Exactly as written, set down each line of the data below except its pictures.
____ Provided entries
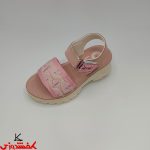 دمپایی دخترانه ترنج کلاسیک
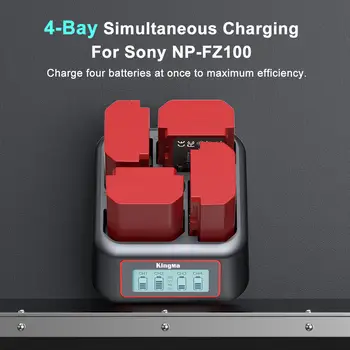 6 best sales A7iv - №2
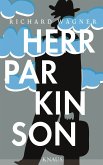 Herr Parkinson (eBook, ePUB)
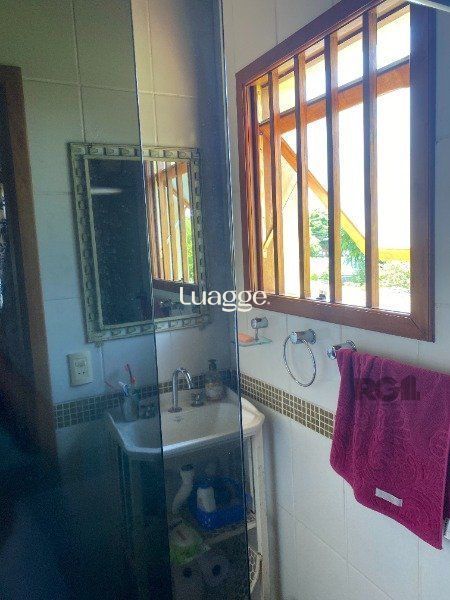 Casa à venda com 3 quartos, 260m² - Foto 47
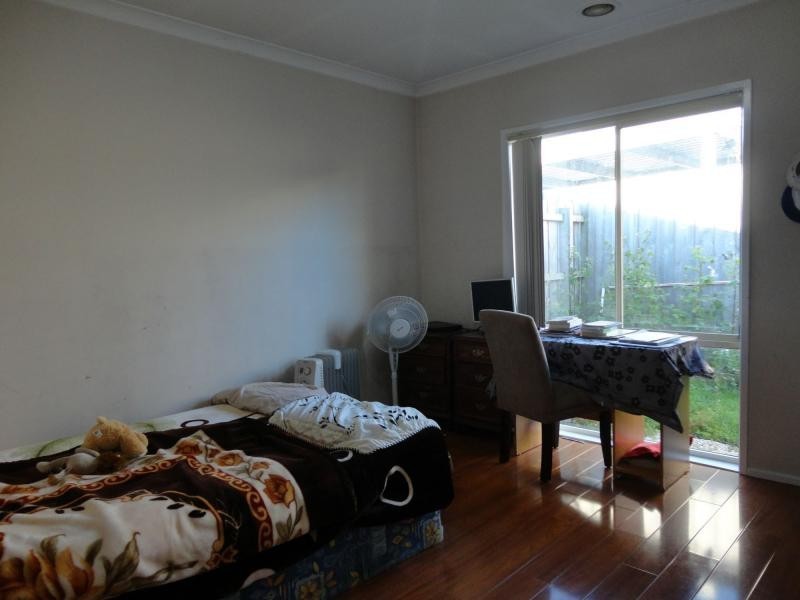 6A Prunus Grove, Doveton VIC 3177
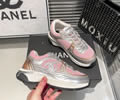 CHANEL Women Shoes best quality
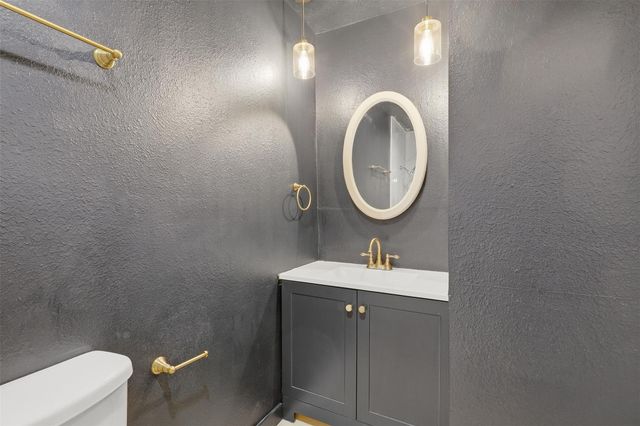 4035 Cypressdale Drive, Spring, TX 77388
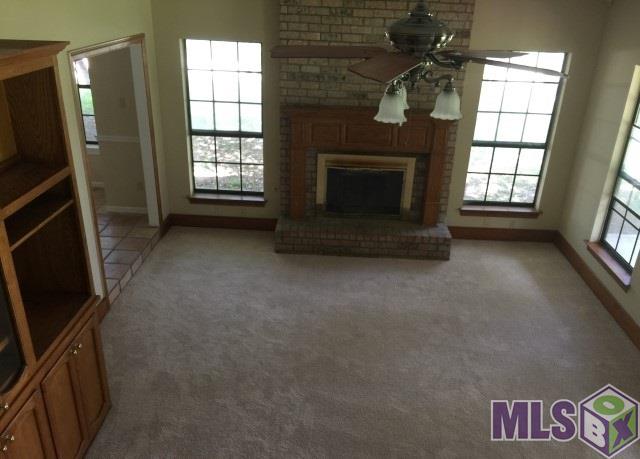 16144 Doyle Road Baton Rouge, LA 70817 - Photo 3 of 12 Gallery Image 3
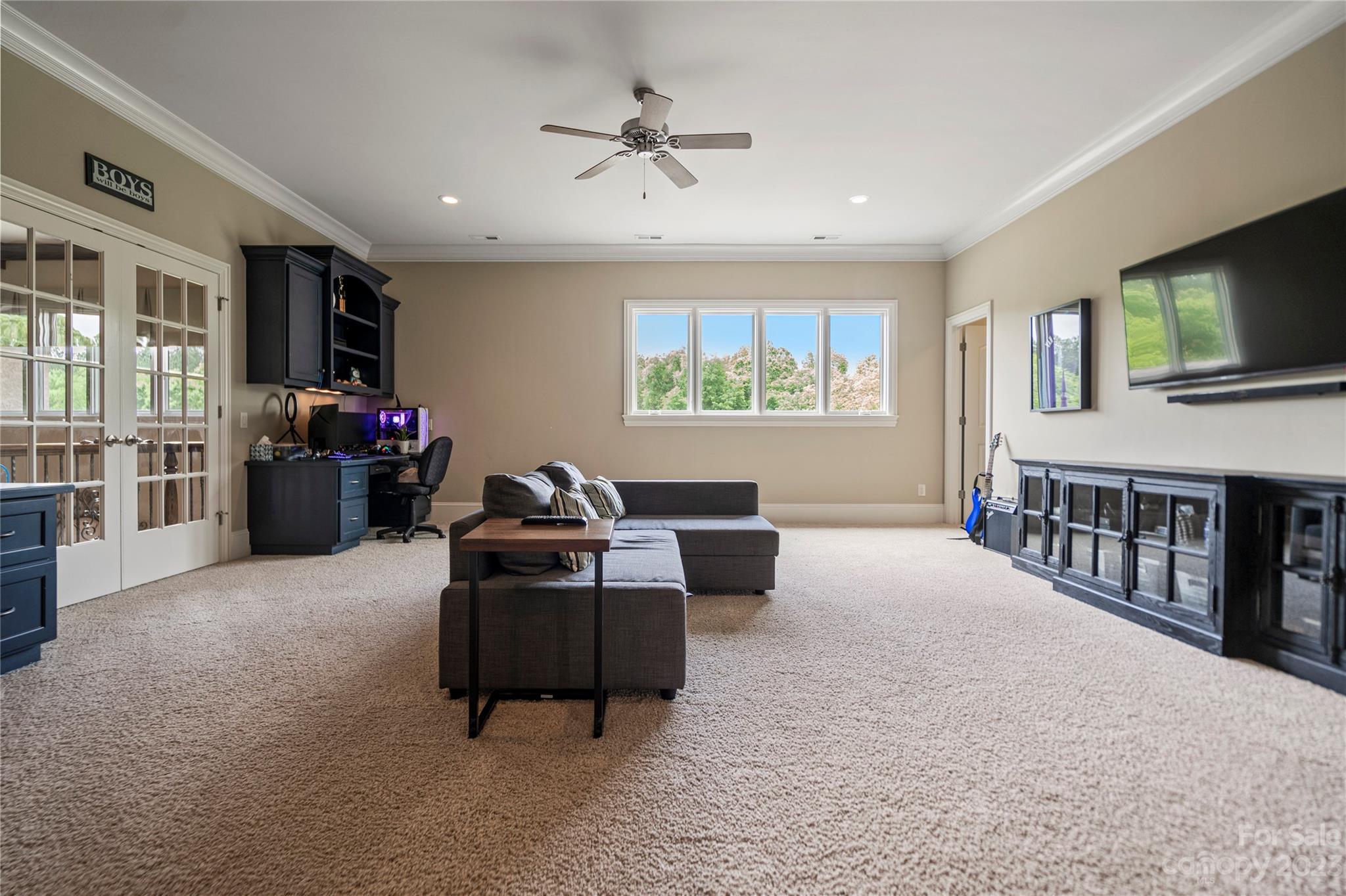14925 Ramah Church Road Huntersville, NC 28078 - Photo 36 of 48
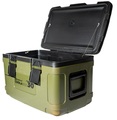 Ridgemonkey CoolaBox Koelbox - 30L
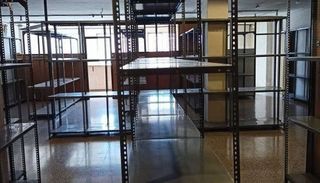 Local comercial en venta en Sant Pere en Terrassa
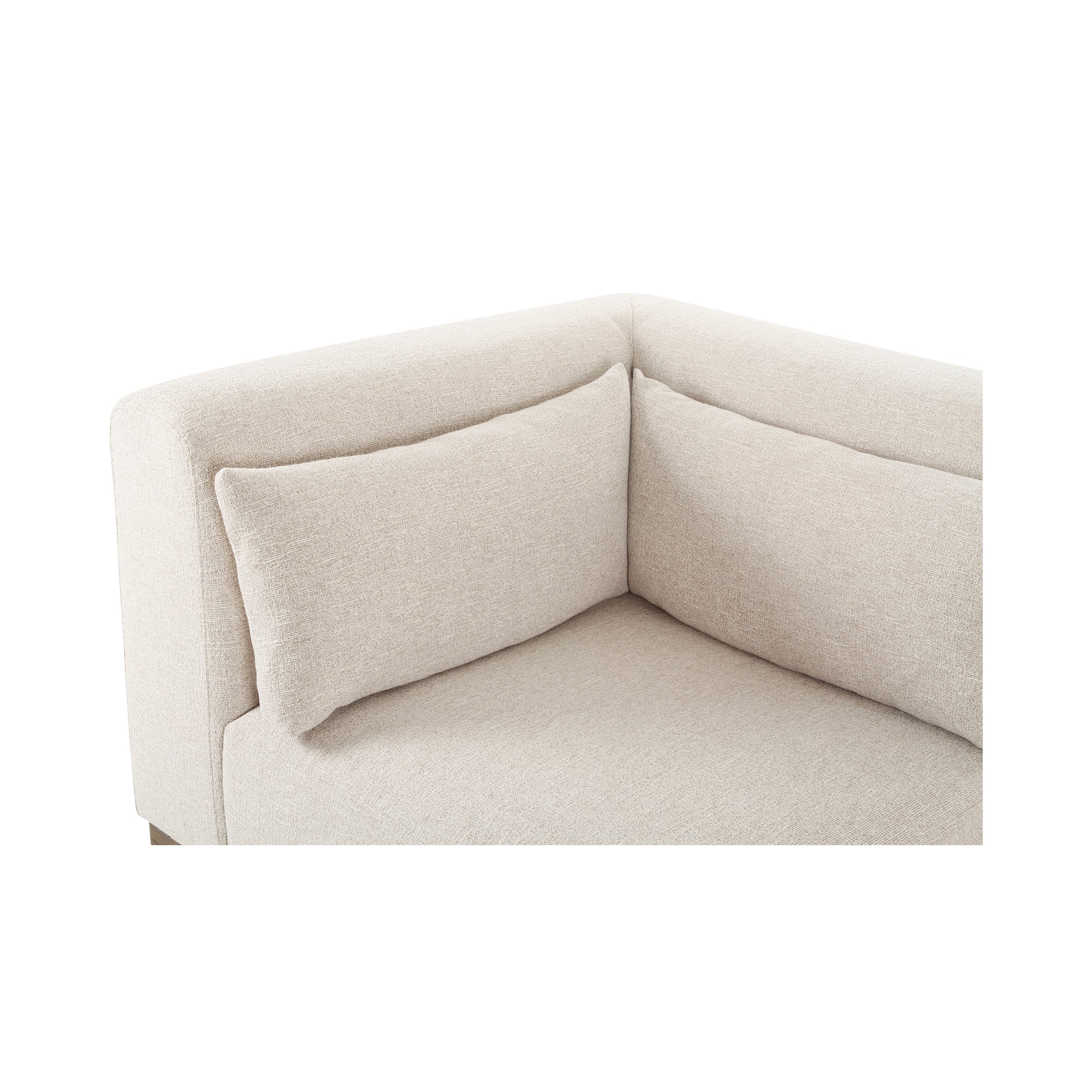 June Dream Modular Sectional Moes Home Collection Mhc Oa 1047 34 8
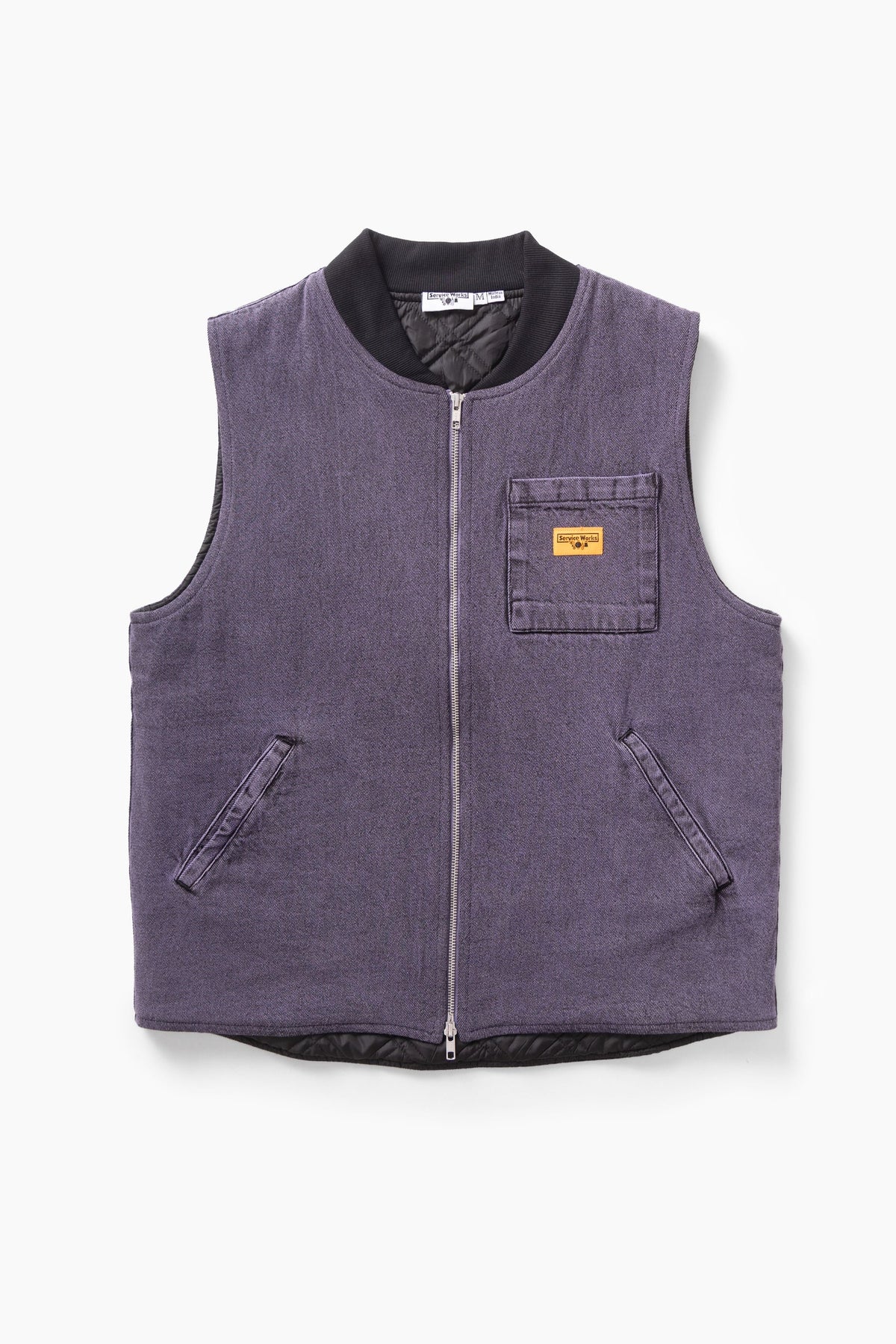work_vest_mauve_1.jpeg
________
Result below:
 دمپایی دخترانه ترنج کلاسیک
 6 best sales A7iv - №2
 Herr Parkinson (eBook, ePUB)
 Casa à venda com 3 quartos, 260m² - Foto 47
 6A Prunus Grove, Doveton VIC 3177
 CHANEL Women Shoes best quality
 4035 Cypressdale Drive, Spring, TX 77388
 16144 Doyle Road Baton Rouge, LA 70817 - Photo 3 of 12 Gallery Image 3
14925 Ramah Church Road Huntersville, NC 28078 - Photo 36 of 48
 Ridgemonkey CoolaBox Koelbox - 30L
 Local comercial en venta en Sant Pere en Terrassa
 June Dream Modular Sectional Moes Home Collection Mhc Oa 1047 34 8
work_vest_mauve_1.jpeg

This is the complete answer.